(TASK TO CARRY OUT):
Keep the pictures out. Write out every line of the listing exactly.

(SOURCE DATA):

________________________________________

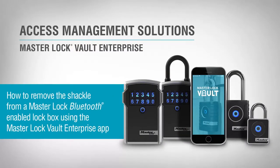In this video, you will learn how to remove the shackle from a Masterlock Bluetooth-enabled lockbox using the Masterlock Vault Enterprise app.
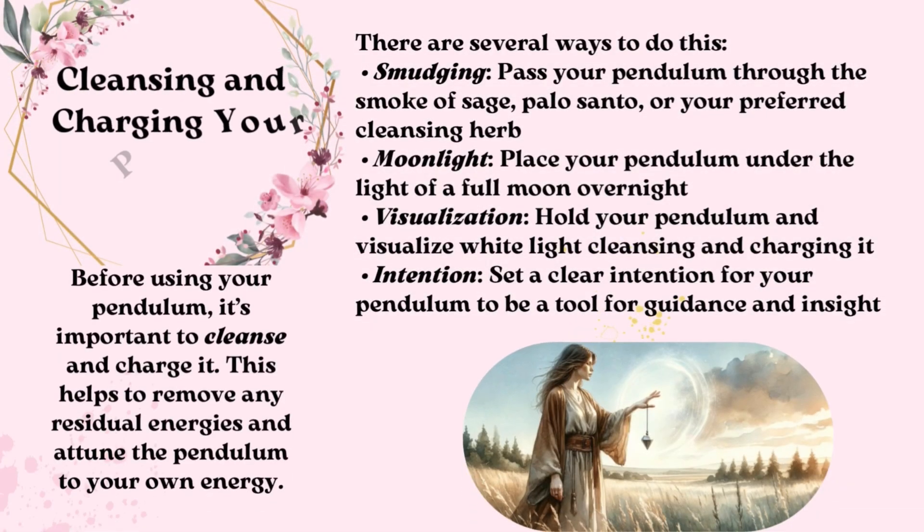Cleansing and Charging Your Pendulum. Before using your pendulum, it's important to cleanse and charge it. This helps to remove any residual energies and attune the pendulum to your own energy. There are several ways to do this: Smudging — pass your pendulum through the smoke of sage, palo santo, or your preferred cleansing herb. Moonlight — place your pendulum under the light of a full moon overnight. Visualization — hold your pendulum and visualize white light cleansing and charging it. Intention — set a clear intention for your pendulum to be a tool for guidance and insight.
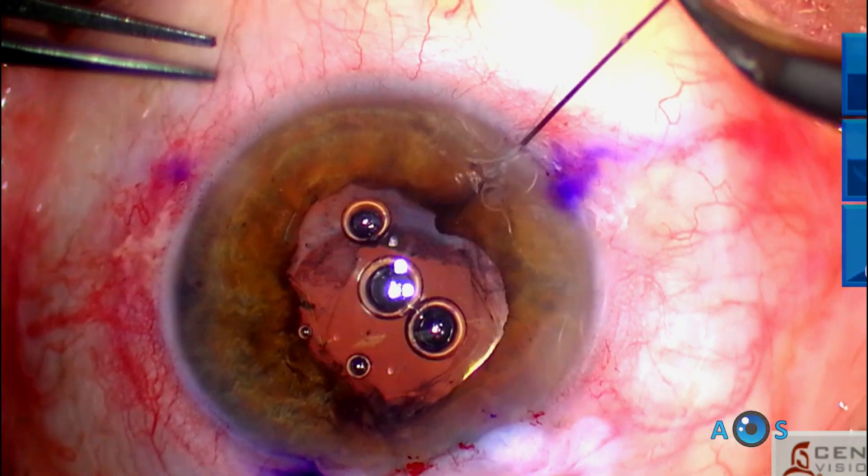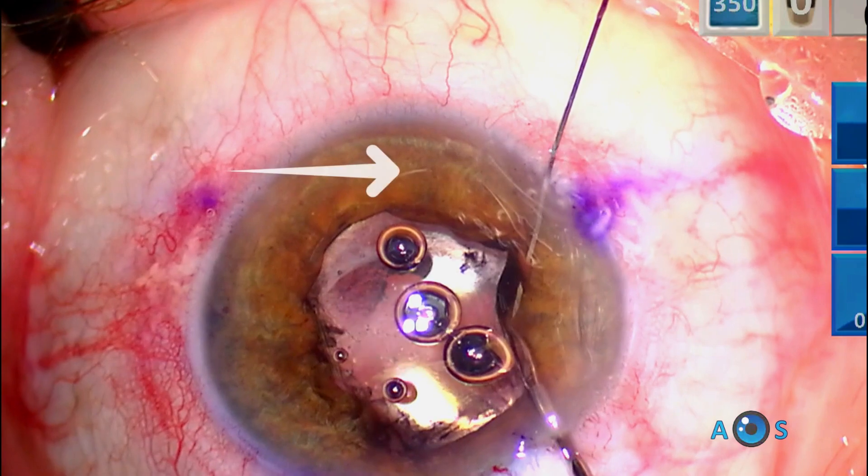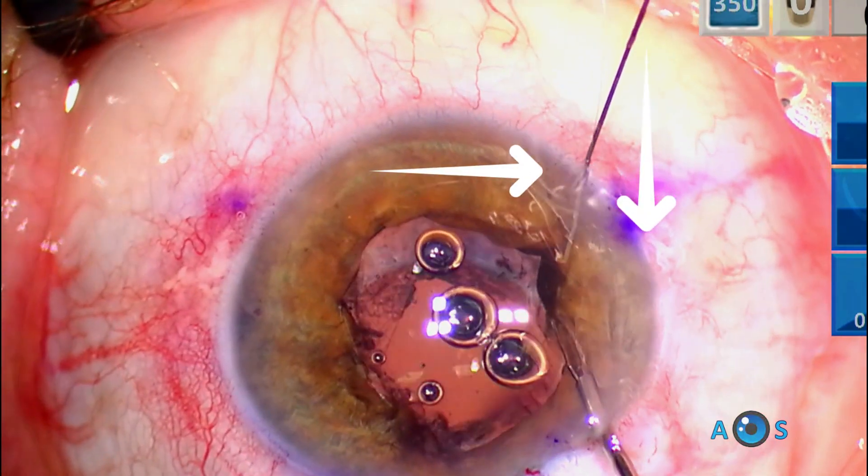Now we go back to the first needle, which will be directed upwards in order to complete the intended trajectory of this needle, capturing the inferior and nasal sides of the pupil.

________________________________________

(SOLUTION FOR THIS TASK):
In this video, you will learn how to remove the shackle from a Masterlock Bluetooth-enabled lockbox using the Masterlock Vault Enterprise app.
Cleansing and Charging Your Pendulum. Before using your pendulum, it's important to cleanse and charge it. This helps to remove any residual energies and attune the pendulum to your own energy. There are several ways to do this: Smudging — pass your pendulum through the smoke of sage, palo santo, or your preferred cleansing herb. Moonlight — place your pendulum under the light of a full moon overnight. Visualization — hold your pendulum and visualize white light cleansing and charging it. Intention — set a clear intention for your pendulum to be a tool for guidance and insight.
Now we go back to the first needle, which will be directed upwards in order to complete the intended trajectory of this needle, capturing the inferior and nasal sides of the pupil.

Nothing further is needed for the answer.